Without any images, output the records below verbatim.

+++ DATA FOR REVIEW

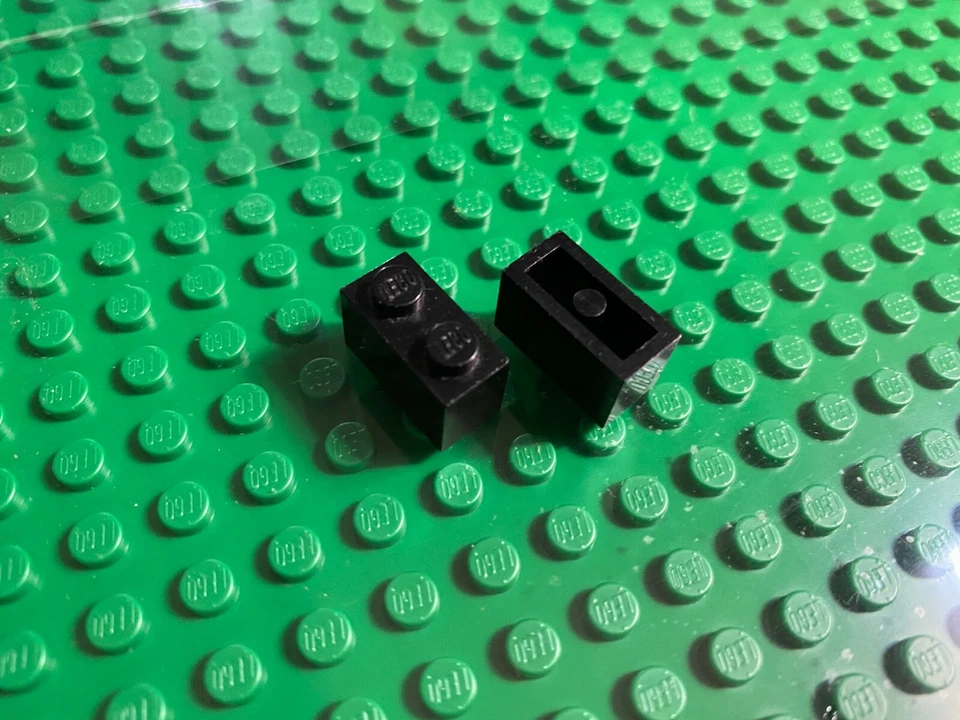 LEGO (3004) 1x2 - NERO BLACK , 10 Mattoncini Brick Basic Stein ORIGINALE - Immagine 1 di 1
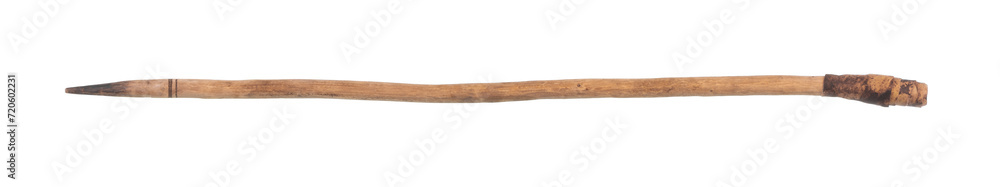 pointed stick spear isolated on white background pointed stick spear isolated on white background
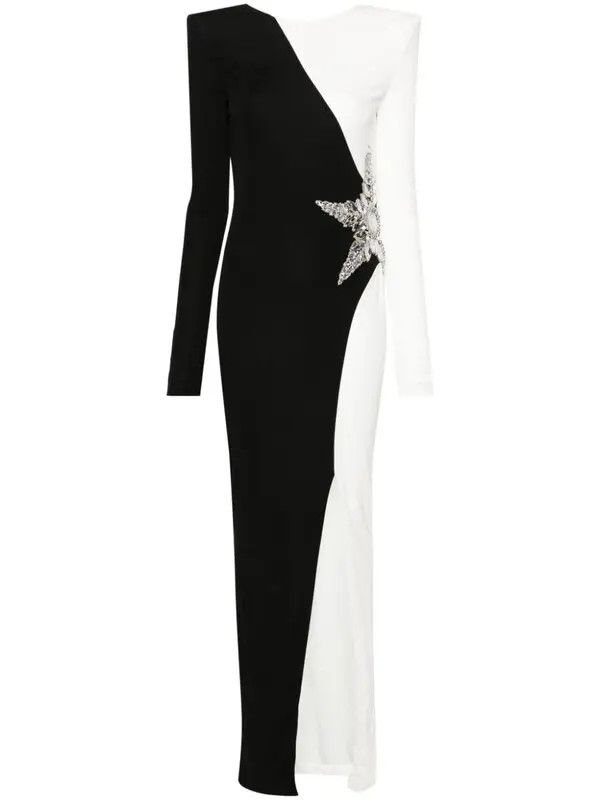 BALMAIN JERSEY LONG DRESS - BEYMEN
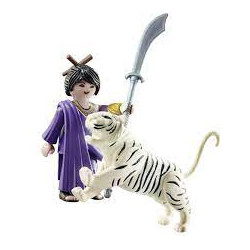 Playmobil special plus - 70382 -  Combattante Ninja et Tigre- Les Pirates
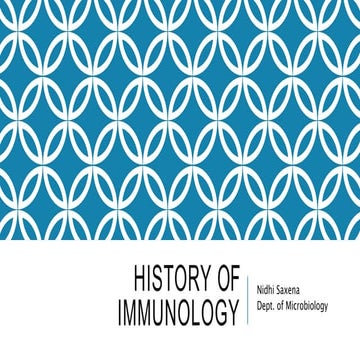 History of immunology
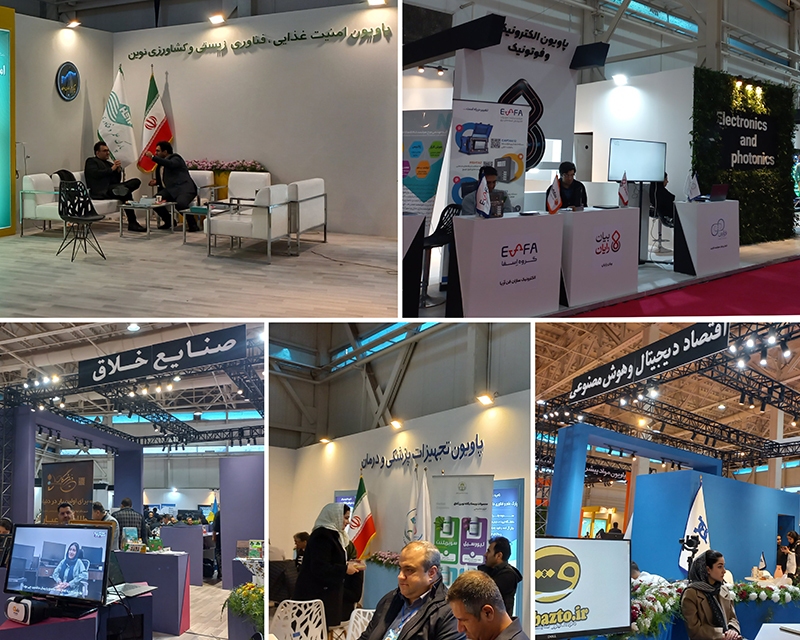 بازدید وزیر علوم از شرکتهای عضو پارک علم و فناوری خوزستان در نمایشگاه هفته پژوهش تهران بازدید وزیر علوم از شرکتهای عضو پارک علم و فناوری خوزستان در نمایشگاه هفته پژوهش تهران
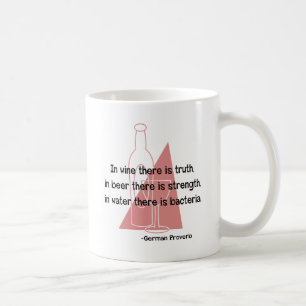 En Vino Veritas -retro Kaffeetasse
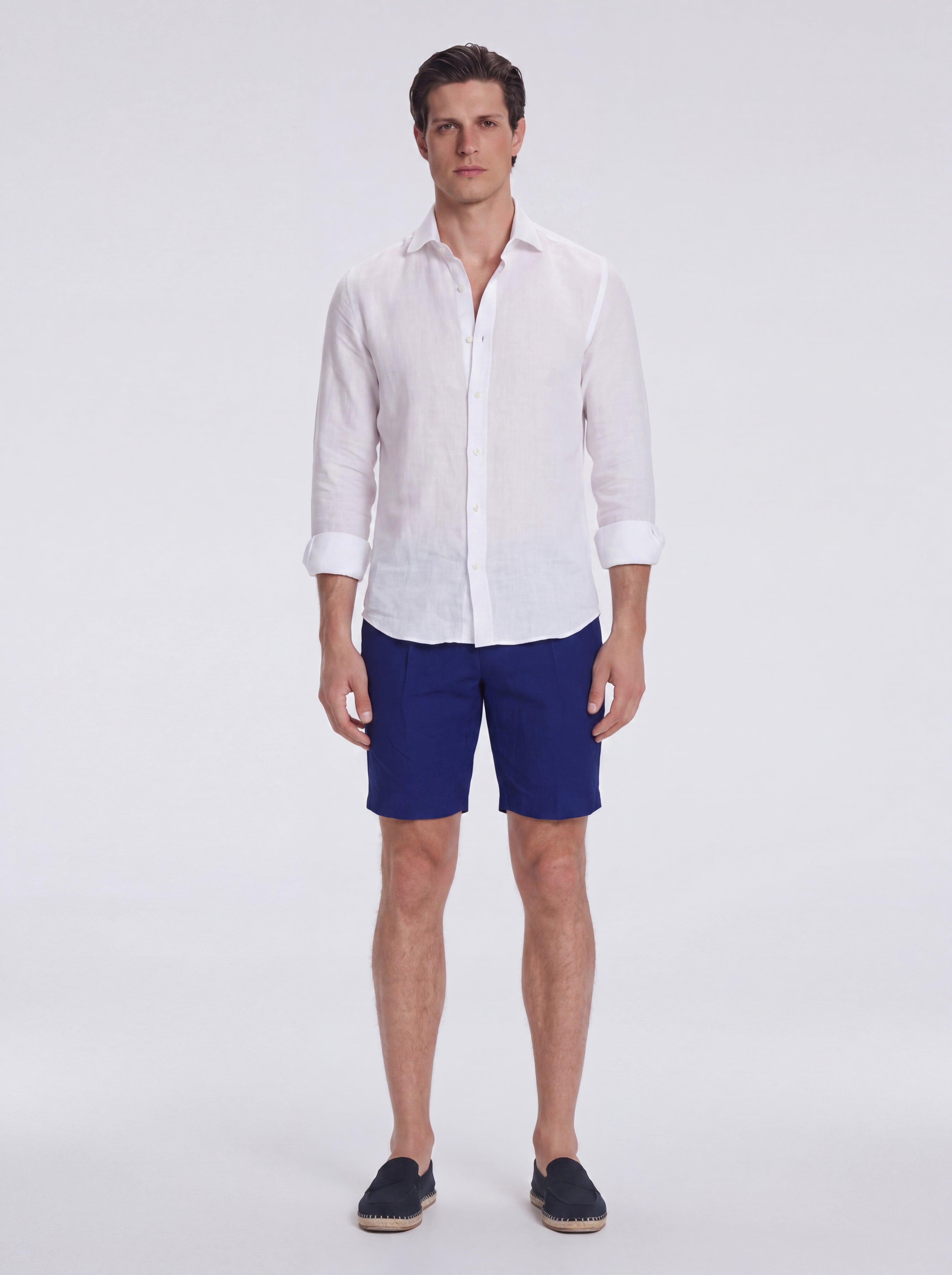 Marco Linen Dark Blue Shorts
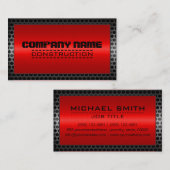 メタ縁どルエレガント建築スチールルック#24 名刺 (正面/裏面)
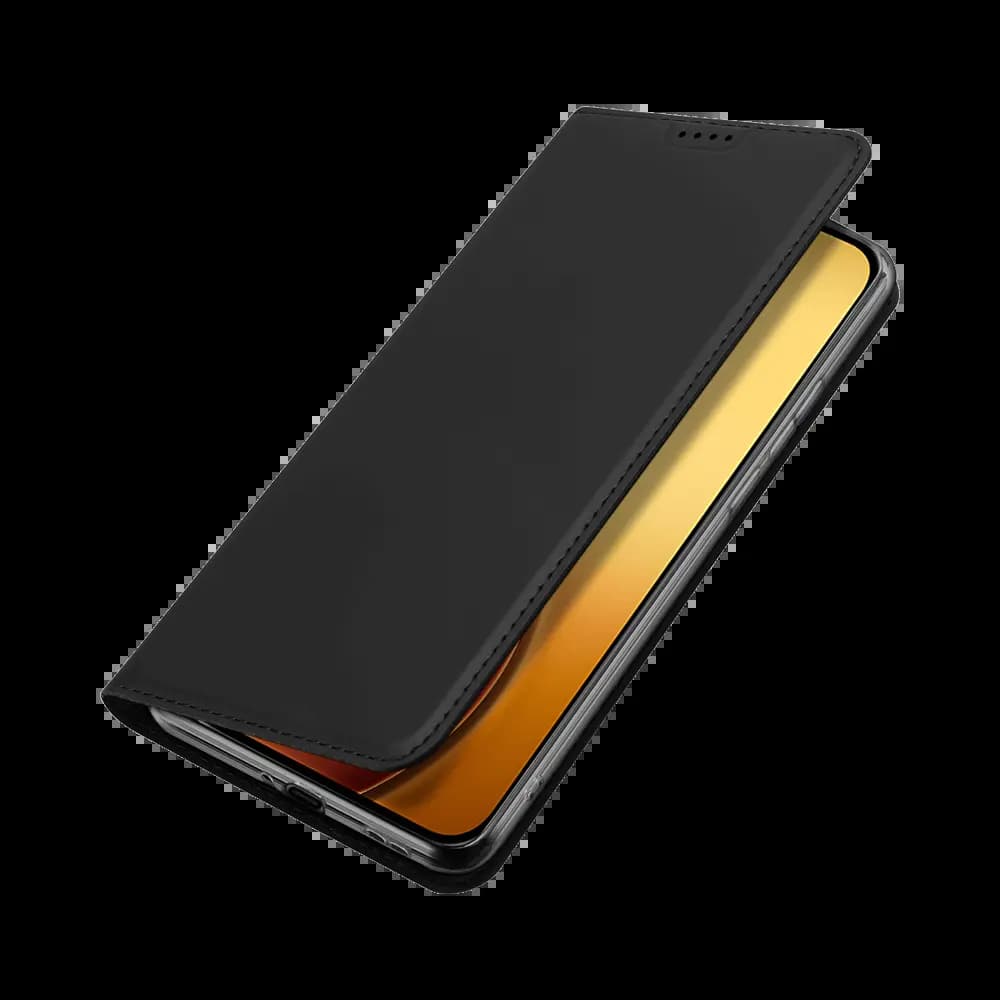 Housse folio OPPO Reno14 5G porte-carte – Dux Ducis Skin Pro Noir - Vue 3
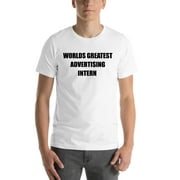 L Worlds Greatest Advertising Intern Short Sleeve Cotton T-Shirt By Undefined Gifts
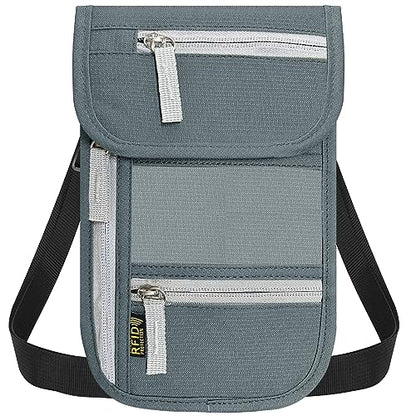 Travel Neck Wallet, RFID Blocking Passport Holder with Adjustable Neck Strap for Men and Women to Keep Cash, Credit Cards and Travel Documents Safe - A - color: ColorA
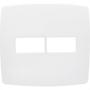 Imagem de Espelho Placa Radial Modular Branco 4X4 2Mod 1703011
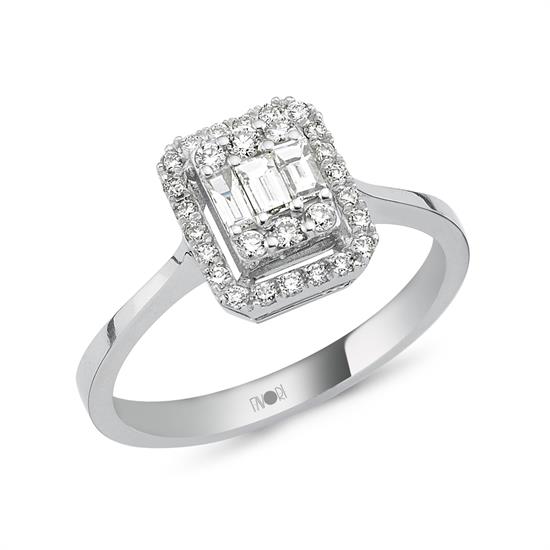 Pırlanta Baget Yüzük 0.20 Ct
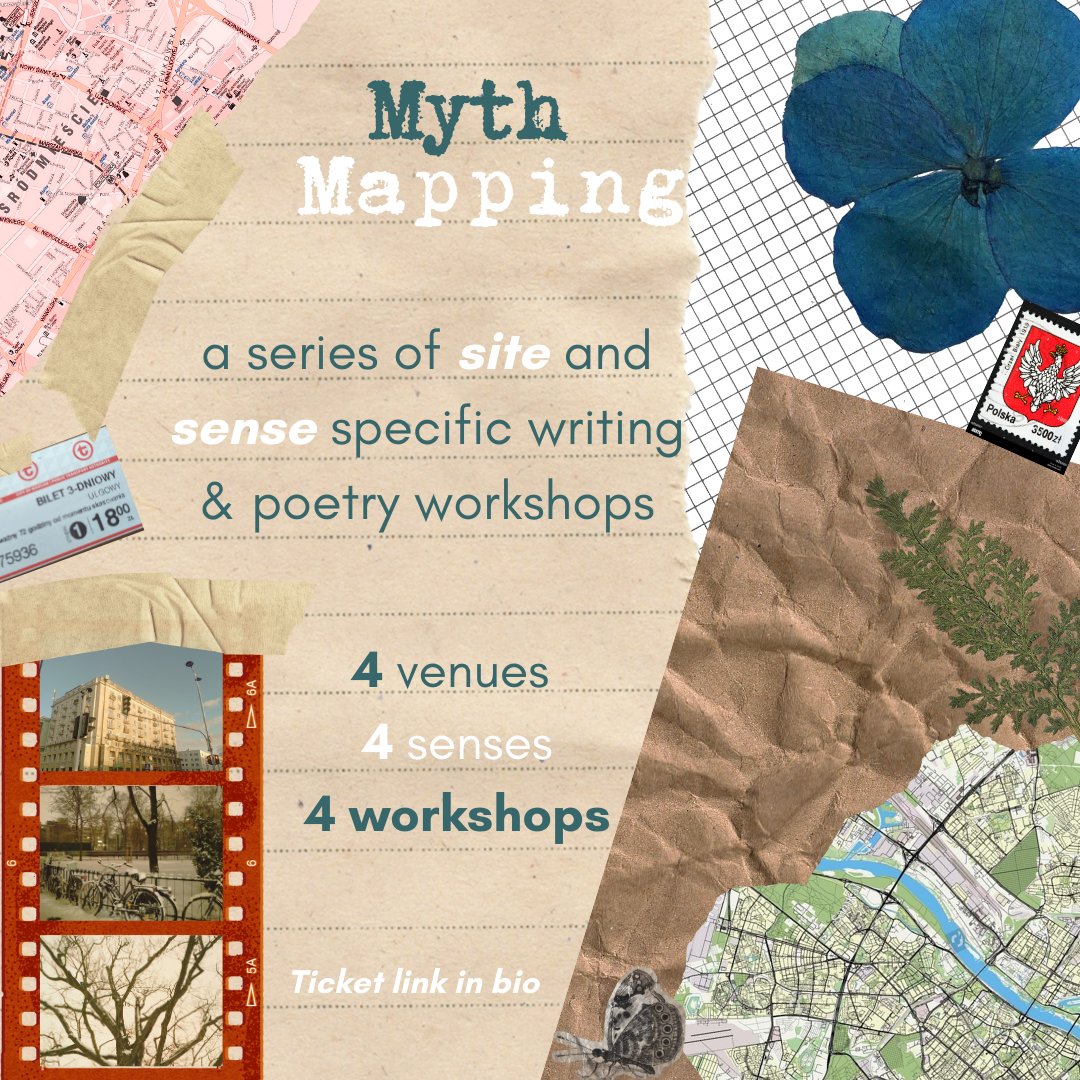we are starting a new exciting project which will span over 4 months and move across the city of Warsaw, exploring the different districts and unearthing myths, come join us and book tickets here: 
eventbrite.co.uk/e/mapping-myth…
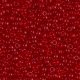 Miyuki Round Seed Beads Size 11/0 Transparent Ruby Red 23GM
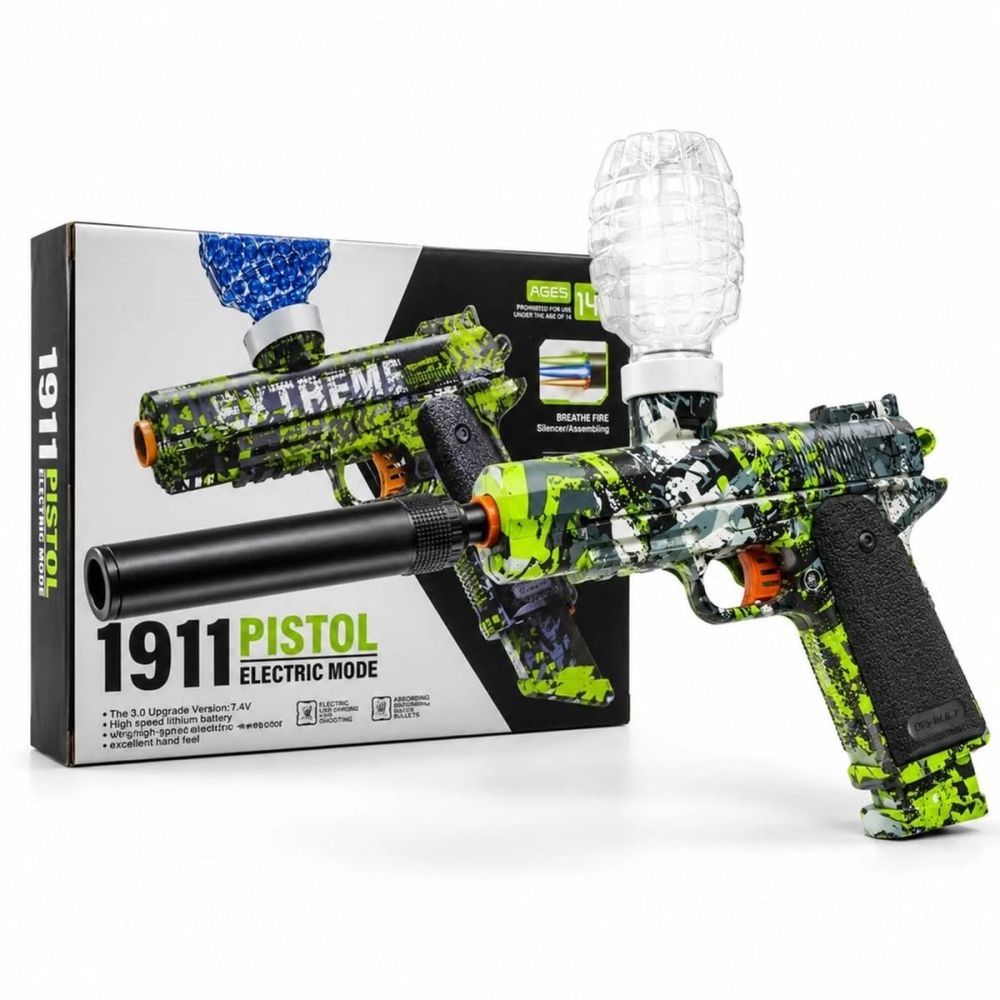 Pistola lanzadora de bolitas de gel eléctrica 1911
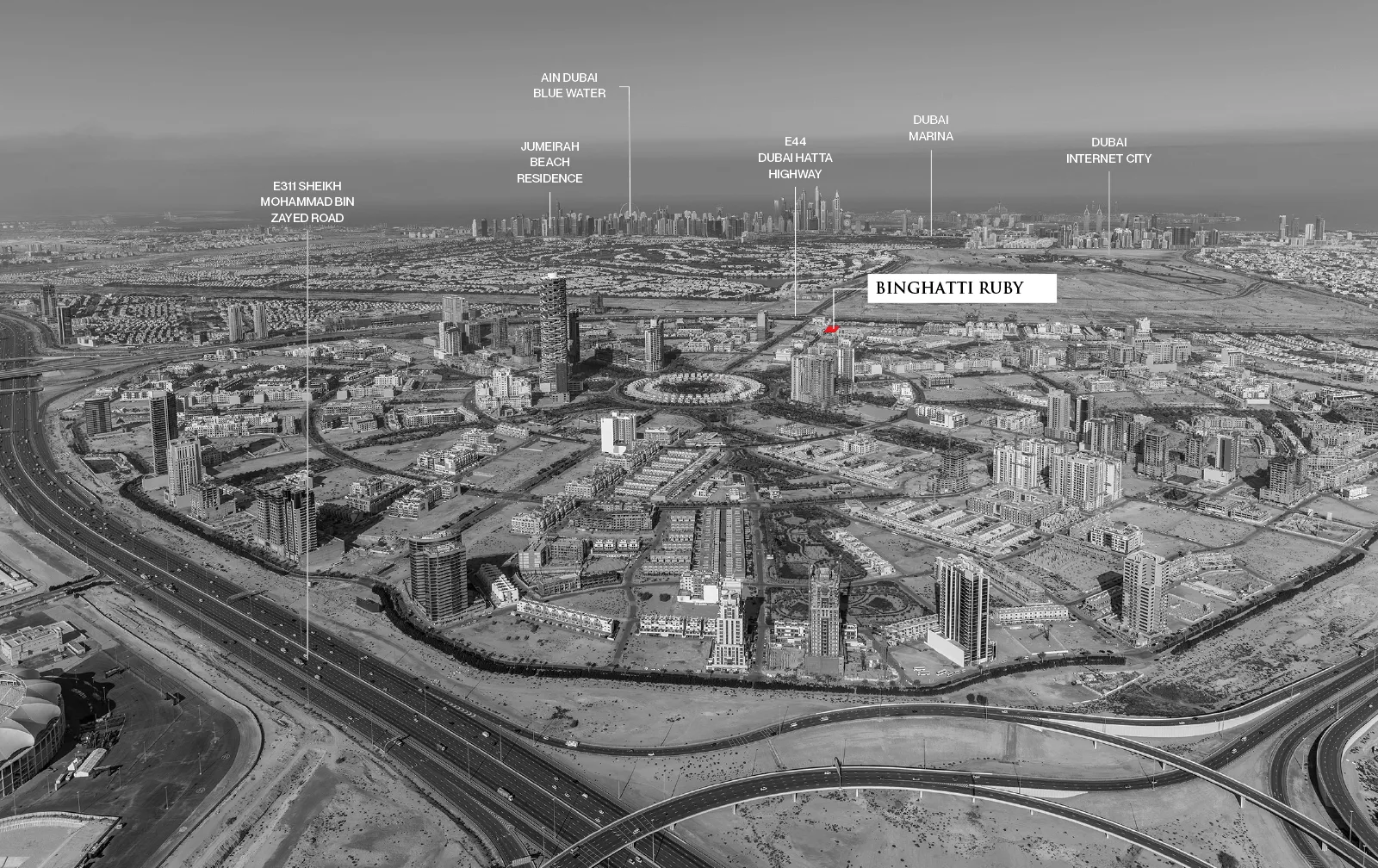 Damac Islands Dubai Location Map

++++++

• [OUTPUT BELOW]:
 LEGO (3004) 1x2 - NERO BLACK , 10 Mattoncini Brick Basic Stein ORIGINALE - Immagine 1 di 1
 pointed stick spear isolated on white background pointed stick spear isolated on white background
 BALMAIN JERSEY LONG DRESS - BEYMEN
 Playmobil special plus - 70382 -  Combattante Ninja et Tigre- Les Pirates
 History of immunology
 بازدید وزیر علوم از شرکتهای عضو پارک علم و فناوری خوزستان در نمایشگاه هفته پژوهش تهران بازدید وزیر علوم از شرکتهای عضو پارک علم و فناوری خوزستان در نمایشگاه هفته پژوهش تهران
 En Vino Veritas -retro Kaffeetasse
 Marco Linen Dark Blue Shorts
 メタ縁どルエレガント建築スチールルック#24 名刺 (正面/裏面)
 Housse folio OPPO Reno14 5G porte-carte – Dux Ducis Skin Pro Noir - Vue 3
 L Worlds Greatest Advertising Intern Short Sleeve Cotton T-Shirt By Undefined Gifts
 Travel Neck Wallet, RFID Blocking Passport Holder with Adjustable Neck Strap for Men and Women to Keep Cash, Credit Cards and Travel Documents Safe - A - color: ColorA
 Imagem de Espelho Placa Radial Modular Branco 4X4 2Mod 1703011
 Pırlanta Baget Yüzük 0.20 Ct
we are starting a new exciting project which will span over 4 months and move across the city of Warsaw, exploring the different districts and unearthing myths, come join us and book tickets here: 
eventbrite.co.uk/e/mapping-myth…
 Miyuki Round Seed Beads Size 11/0 Transparent Ruby Red 23GM
 Pistola lanzadora de bolitas de gel eléctrica 1911
 Damac Islands Dubai Location Map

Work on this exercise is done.